In a large bowl, whisk together the flours, sugar, and salt. Using a pastry blender, cut the butter into the flour mixture until the mixture looks like a coarse meal with no pieces larger than peas.

In a small bowl, mix together the water, sour cream, and lemon juice. Pour over the flour mixture, and using a spatula, gently fold and press the dough just until it comes together. If the dough is too crumbly, sprinkle on an extra tablespoon or two of water.

Gather the dough into a ball, then flatten into a 4″ disk. Wrap tightly in plastic, and refrigerate for at least 30 minutes (can be made a few days ahead). If refrigerated for more than one hour, let sit at room temperature for about 1/2 hour before attempting to roll.

for the filling:
(adapted from a cherry cobbler recipe from Cooks Illustrated)

  • 4 cups sour cherries, fresh or frozen, pitted
  • 1/2 cup + 2 Tbsp sugar
  • 1 Tbsp + 2 tsp cornstarch
  • pinch salt
  • 1/2 cup dry wine (white or red)
  • 1 cinnamon stick (3″)

Preheat the oven to 425º.

In a medium bowl, toss together the sugar, cornstarch, and salt. Add the cherries, and toss to combine. Pour the wine over the mixture and stir gently. Let sit at room temperature for 30 minutes.

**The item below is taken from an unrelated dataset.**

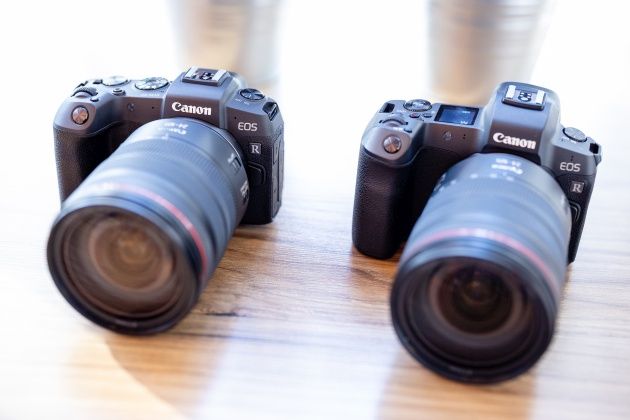Canon EOS RP i EOS R na stole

Drain the cherries, reserving the soaking liquid. In a small saucepan, bring the soaking liquid to a boil with the cinnamon stick. Let simmer, stirring constantly, for about 3-5 minutes, until the mixture thickens and the alcohol flavor cooks off.

Pour the drained cherries into a pie plate, or 8″x8″ glass baking dish. Remove the cinnamon stick from the simmered liquid, and pour over the cherries.

Roll out the crust to a size and shape that covers the top of your dish. Lay the crust over the cherries, pinching on the sides of the dish. Brush the beaten egg over the crust, and then sprinkle with sugar.

Bake for about 30 minutes, until the filling is bubbly and the crust is golden brown. Let cool to just warm before serving with vanilla ice cream.